Ocúpate de tus propios asuntos

No importa lo que otras personas hagan con su dinero.

Eso no es asunto mío.

Para muchas personas, es una idea difícil de aceptar.

Se preocupan por lo que poseen sus vecinos. Piensan en las inversiones de sus compañeros de trabajo. Se obsesionan con lo que la mayoría de la gente tiene en sus carteras.

Todo eso lo llevan consigo, todos los días.

Eso suena agotador.

Hace mucho tiempo que dejé de importarme.

Eso no quiere decir que sea insensible o que esté en contra de alguien.

Simplemente significa que no tomo decisiones de inversión en función de cómo podrían afectar la cartera de otra persona.

A los mercados no les importa el plan 401(k) de tu vecino. No les importa tu política, tus sentimientos ni lo que hace que las noticias de la noche sean incómodas de ver.

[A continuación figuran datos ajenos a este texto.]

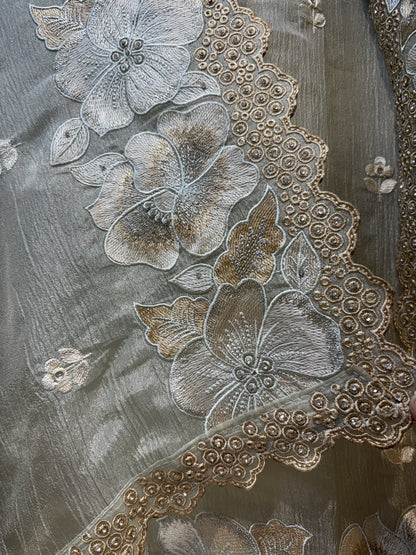 Mahira Stonecraft Suit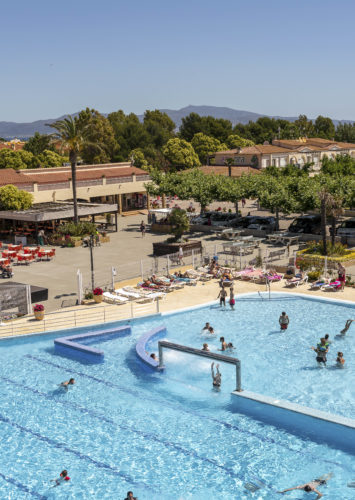 Càmping Amfora - L\'espai aquàtic - Vista de la piscina amb hidromassatge
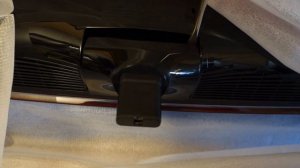 Samsung SyncMaster T220HD - how to remove stand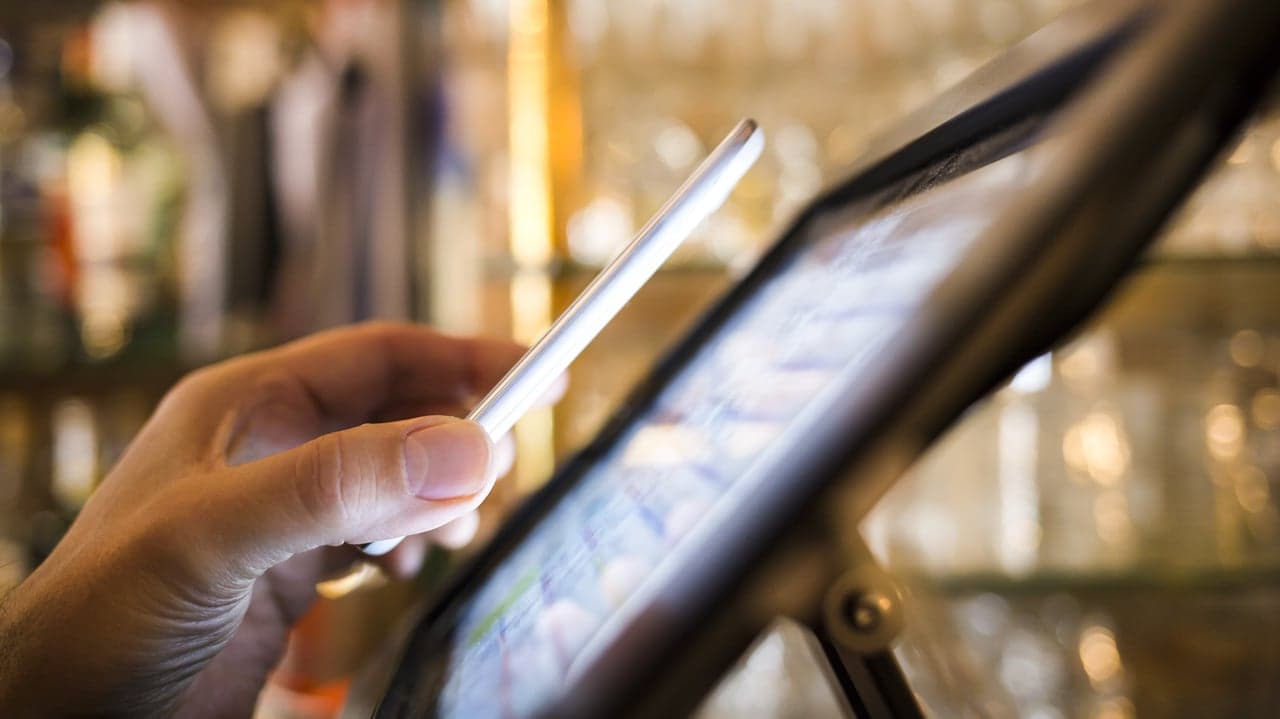 Fast Casual: 6 Ways Technology Can Conquer 2017’s Top Challenges Fast Casual: 6 Ways Technology Can Conquer 2017’s Top Challenges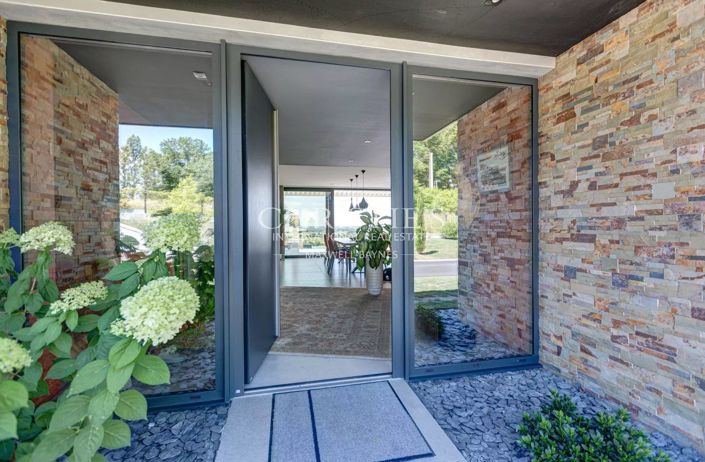 Image No.8-4 Bed House for sale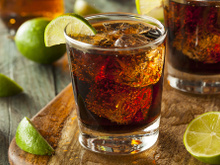 Origem de 3 drinques famosos: caipirinha, cuba libre e pinã colada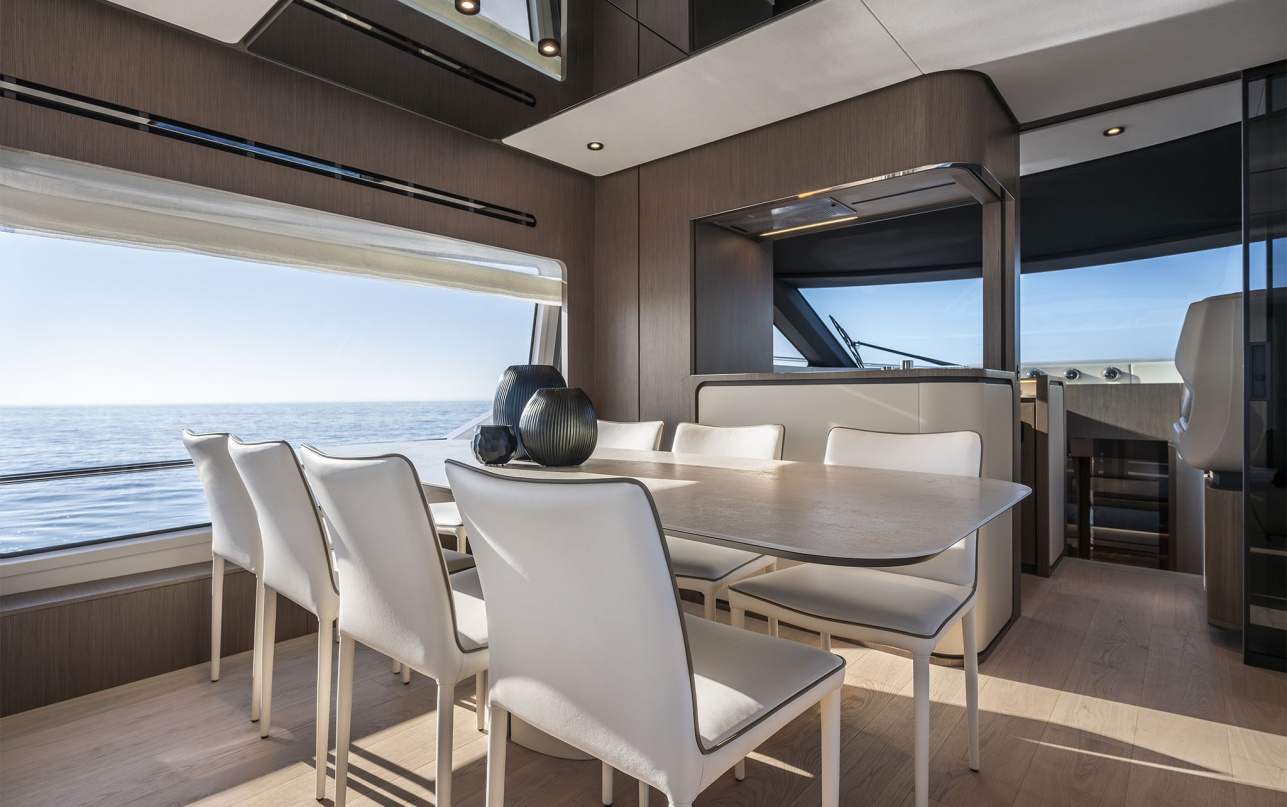Яхта Ferretti Yachts 720 New фото 2.19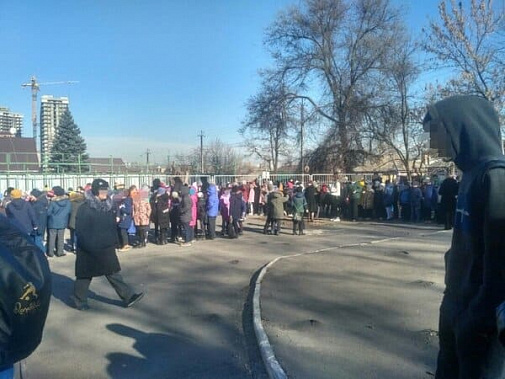 17 января в социальных сетях ростовчан появились сотни фотографий спешно эвакуированных из школ детей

Sólo les importa el precio, las tendencias y las probabilidades.

Aprendí esa lección de la manera más difícil.

La experiencia me enseñó que seguir mi plan es más importante que seguir a la multitud, y que dejar de lado lo que otras personas hacen con su dinero es uno de los pasos más importantes que he dado como inversor.

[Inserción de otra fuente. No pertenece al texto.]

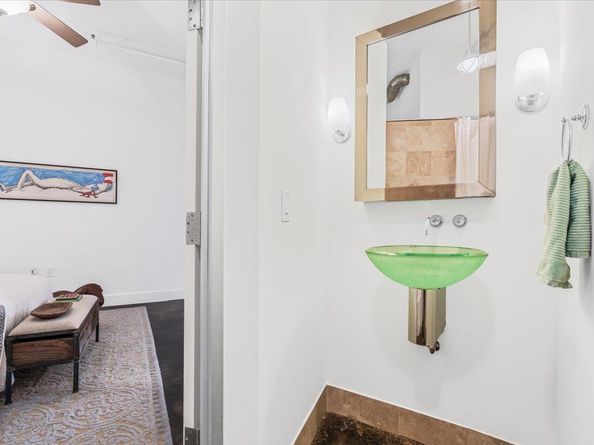 311 W 5th ST 1005, Austin TX 78701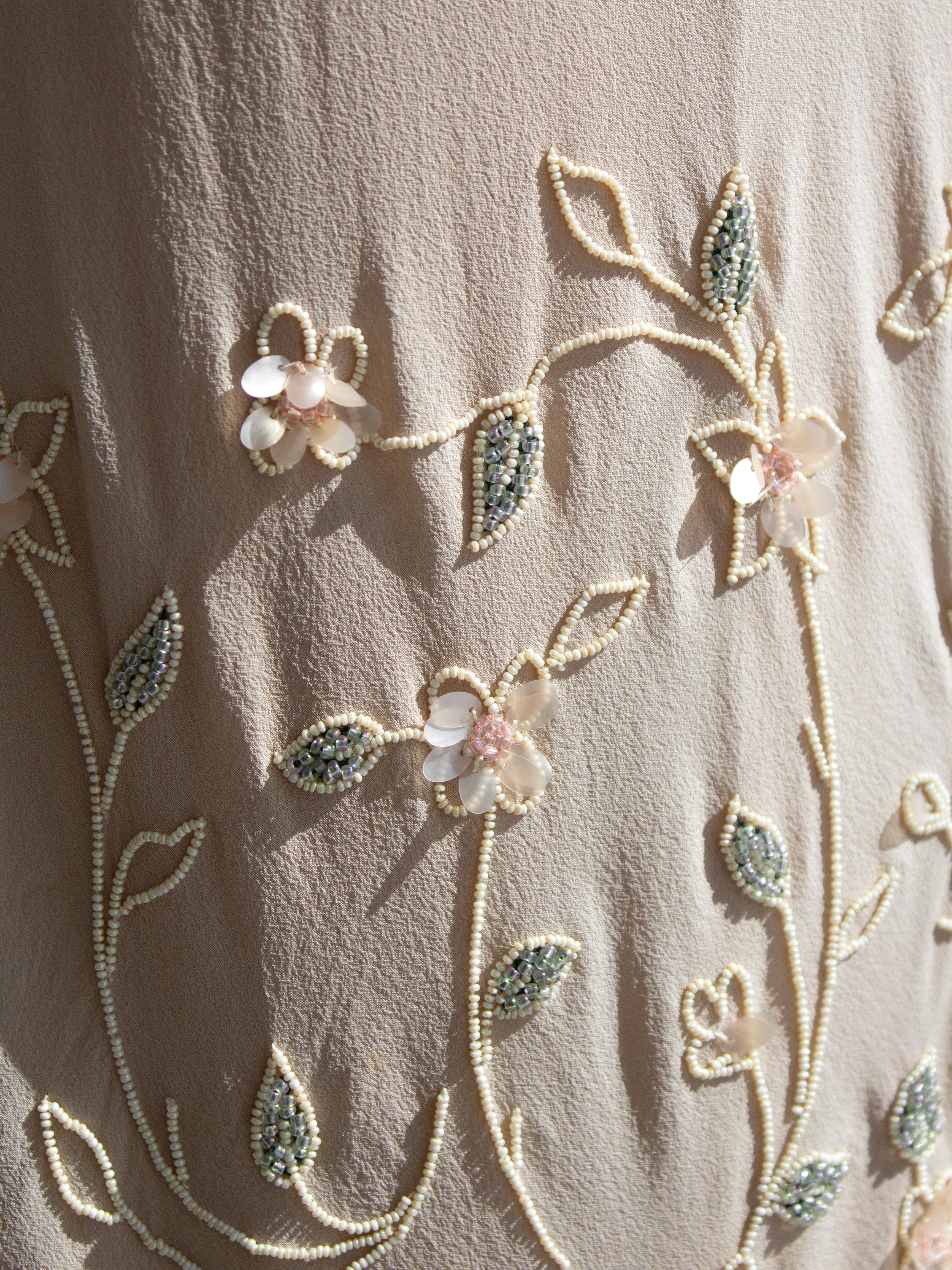 Christian Dior By John Galliano for Christian Dior P/E 2007 Vestito vintage beige con decorazioni floreali in vendita 6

Una vez que entiendes eso, todo lo demás se vuelve más fácil.

Sigue tu plan
Ejecuto mis estrategias sin preocuparme de si el resultado es bueno para la cartera de otra persona.

Si tengo una posición larga en acciones de Tesla (TSLA) y mi vecino tiene una posición corta, no hay conflicto. Sé exactamente a quién apoyo.

Si tengo mucho efectivo o estoy posicionado principalmente en acciones defensivas y alternativas como metales o bonos, eso generalmente significa que estoy apostando a que los precios de las acciones van a caer.

Y, si esa es la apuesta, ¿por qué iba a esperar otra cosa? ¿Por qué deberían influir en mi decisión los planes 401(k) de otros?

Los mercados no funcionan así. Si creo que los precios de las acciones van a la baja, no tendría sentido oponerme a mi propia postura.

Mi trabajo es ejecutar mi plan lo mejor que pueda, no gestionar las emociones o los resultados de otros inversores.

No siempre fui así
Parece que fue ayer, pero durante la mayor parte de 2008 estuve en posiciones cortas. En la oficina, me gané el apodo de «Permabear».

Todas las mañanas, encendía la televisión esperando malas noticias. Estaba corto de dinero. Cuanto peor se ponía la situación, más dinero ganaba para mí y mis clientes.

En aquel entonces, todavía veía televisión por cable. Encendía los canales de negocios, deseando que los futuros de las acciones bajaran, que las solicitudes de subsidio por desempleo subieran y que otro gran banco estadounidense desapareciera en bancarrota.

Eso fue duro para mí.

Era joven, solo tenía 26 años, y no sabía nada mejor. Me sentía culpable por mis pensamientos. El mundo parecía desmoronarse en tiempo real, y mi posición me benefició cuando las cosas empeoraron.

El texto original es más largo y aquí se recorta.